§ **EXERCISE PROMPT**
Write out the whole listing exactly; no images belong in it.
Segment Start: DATASET EXTRACT
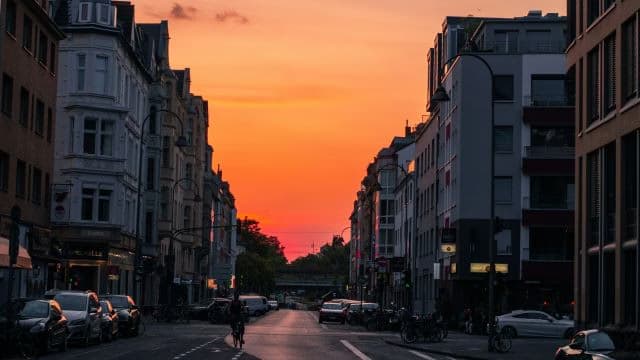 IW-Wohnindex: Kaufpreise stagnieren, Mieten schießen nach oben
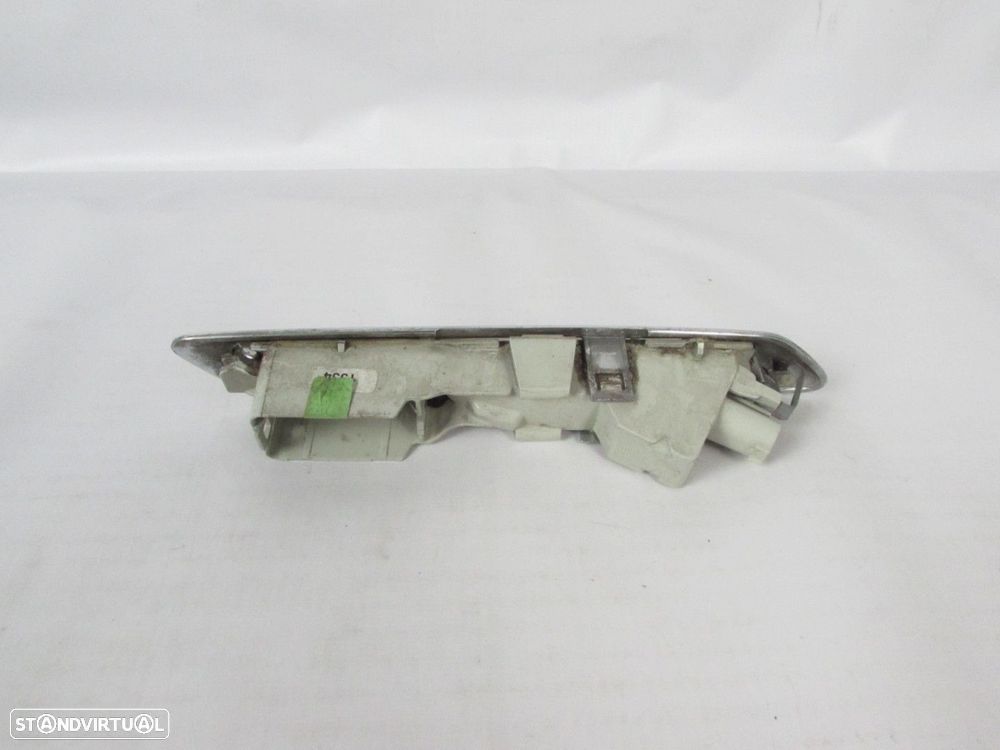 Pisca guarda-lamas 1ª Fase Direito/Frente Seminovo/ Original BMW 5 (F10)/BMW 5 T... - 2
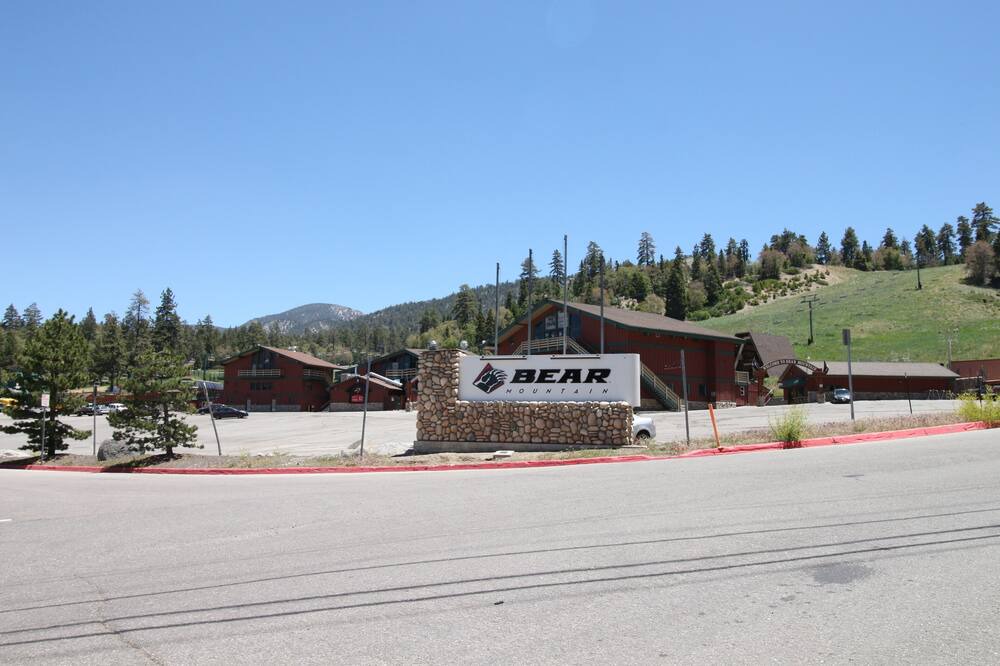 Photo of Outdoor in Summit Estates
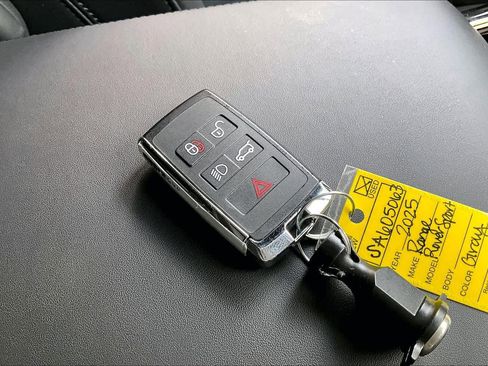 Used 2025 Land Rover Range Rover Sport Dynamic SE image 14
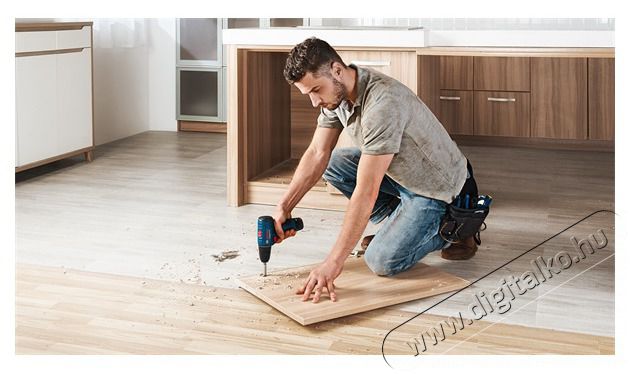 Bosch 06019G8000 GSR 120-Li Professional 2x2,0Ah kofferben akkus f&uacute;r&oacute;-csavaroz&oacute; H&aacute;ztart&aacute;s / Otthon / K&uuml;lt&eacute;r - Szersz&aacute;m - F&uacute;r&oacute; / f&uacute;r&oacute;kalap&aacute;cs - 416924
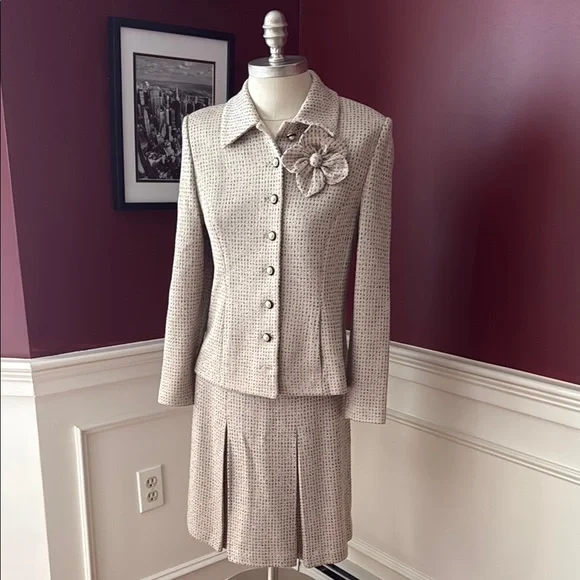 St. John Collection Skirt Suit - Picture 1 of 13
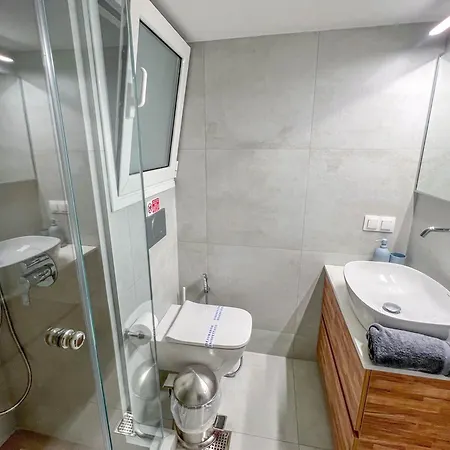 Family Two Bedroom Benaki Apartment *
Segment End: DATASET EXTRACT
§ **RESULT OF THIS EXERCISE**
 IW-Wohnindex: Kaufpreise stagnieren, Mieten schießen nach oben
 Pisca guarda-lamas 1ª Fase Direito/Frente Seminovo/ Original BMW 5 (F10)/BMW 5 T... - 2
 Photo of Outdoor in Summit Estates
 Used 2025 Land Rover Range Rover Sport Dynamic SE image 14
 Bosch 06019G8000 GSR 120-Li Professional 2x2,0Ah kofferben akkus f&uacute;r&oacute;-csavaroz&oacute; H&aacute;ztart&aacute;s / Otthon / K&uuml;lt&eacute;r - Szersz&aacute;m - F&uacute;r&oacute; / f&uacute;r&oacute;kalap&aacute;cs - 416924
 St. John Collection Skirt Suit - Picture 1 of 13
 Family Two Bedroom Benaki Apartment *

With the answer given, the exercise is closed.